Asheville Distilling Co. (Troy & Sons)


The Asheville Distilling Company was founded in 2010 by Troy Ball and her husband Charlie. In 2004, the Balls and their three sons, two of whom suffer from severe allergies and use wheelchairs, moved from Austin, Texas to western North Carolina in search of a better climate. After a few years of sipping on local moonshine, Troy took on the challenge of making her own (legally). Beginning in 2008, she began working with farmer John McEntire whose family has been growing heirloom "Crooked Creek" white corn since the 1850s. With McEntire's white corn and her pressure cooker, Troy and Charlie began to tinker.
Troy Ball. Source: www.ashevilledistilling.com
As Kelly Skinner of Paste Magazine wrote about Troy:


She’s not just a beautiful, self-taught moonshine-making woman.
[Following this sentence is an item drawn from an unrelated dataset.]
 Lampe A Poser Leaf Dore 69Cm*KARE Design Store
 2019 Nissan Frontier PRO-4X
She also possesses a rather unusual juxtaposition of traits that makes her irresistible—she’s jubilant, yet classy; she’s a go-getter with heaps of patience; she can run with the boys but she is not one of them; she has an unbreakable will, yet, she knows how to kick back. Which might be why Appalachia’s mountain men entrusted their moonshine-making secrets to her in the first place. That, and there’s Ball’s inexhaustible persistence. She doesn’t ever give up. 

In addition to Troy's heirloom corn "Platinum" moonshine, she and her team produce Oak Reserve Whiskey and Blonde Whiskey. All of her offerings are 80 proof, and they are intended to be relatively sweet and smooth. 
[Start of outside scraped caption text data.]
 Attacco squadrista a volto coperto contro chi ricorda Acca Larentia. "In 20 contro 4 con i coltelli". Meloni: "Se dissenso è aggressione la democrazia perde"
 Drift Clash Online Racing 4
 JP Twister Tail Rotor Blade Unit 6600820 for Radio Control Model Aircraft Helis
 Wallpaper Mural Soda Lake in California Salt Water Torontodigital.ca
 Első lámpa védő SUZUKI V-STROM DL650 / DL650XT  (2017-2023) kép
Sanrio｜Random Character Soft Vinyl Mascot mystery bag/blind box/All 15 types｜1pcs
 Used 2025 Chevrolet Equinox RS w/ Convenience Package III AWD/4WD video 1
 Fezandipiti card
Asheville Distilling Co. is co-located with the Highland Brewing Company, which is owned by Oscar Wong, one of the coolest dudes in the state of North Carolina.
Oscar Wong. Source: www.highlandbrewing.com
Troy & Sons Platinum

Asheville Distilling Co.
80 proof
$30 at ABC in Salisbury, NC

Color: Clear as water.

Nose: The nose is funky but clean. It is pungent like tequila, and sort of intoxicating like gasoline fumes can be. Not entirely pleasant, but I keep sniffing it again and again.
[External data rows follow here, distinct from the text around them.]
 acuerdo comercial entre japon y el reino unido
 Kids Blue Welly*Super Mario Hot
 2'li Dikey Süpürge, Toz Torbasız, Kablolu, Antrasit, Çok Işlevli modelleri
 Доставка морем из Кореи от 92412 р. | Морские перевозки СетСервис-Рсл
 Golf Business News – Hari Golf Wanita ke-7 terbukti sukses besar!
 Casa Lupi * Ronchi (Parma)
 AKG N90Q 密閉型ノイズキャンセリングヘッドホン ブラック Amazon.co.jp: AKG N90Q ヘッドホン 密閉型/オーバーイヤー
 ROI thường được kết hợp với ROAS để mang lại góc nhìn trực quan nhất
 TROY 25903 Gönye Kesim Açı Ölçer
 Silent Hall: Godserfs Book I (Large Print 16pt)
Tasting Notes: Very earthy and clean. The corn influence is obviously strong but it is rounded out by menthol sweetness. The finish is similar to that of an Altoid mint.

Overall: NR. Troy achieved her goal of creating a high quality, smooth moonshine. I don't particularly enjoy sipping on un-aged corn whiskey, however, so I added most of my bottle to a personal oak barrel I got online. I'll review that when I think it's ready.

Peer reviews:


Troy & Sons Oak Reserve

Asheville Distilling Co.
80 proof
$30 at ABC in Salisbury, NC

Color: Tawny, very light.

Nose: Whoa. So much raw corn. Paint thinner, baseball mitt leather, gasoline/exhaust fumes again. No alcohol influence whatsoever.

Tasting Notes: White doggy, raw corn, faint chocolate syrup. The finish reveals some oak and some vanilla sweetness.

Overall: C. I really don't understand Oak Reserve.

Peer reviews:


Troy & Sons Blonde Whiskey

Asheville Distilling Co.
80 proof
$37 at ABC in Salisbury, NC

Color: Medium amber to crimson.

Nose: Corn cereal. Finally, some brown sugar sweetness. Some leather, some oak. Very gentle and no alcohol influence, which I know is by design.

Tasting Notes: Strong honey. Some nice caramel, vanilla, corn sweetness. Short finish. No burn, no wood, no spice.

Overall: B. By far, the best of the three. The Blonde Whiskey is nothing to write home about, but is a drinkable craft whiskey, well-distilled and created from high quality corn and NC mountain water.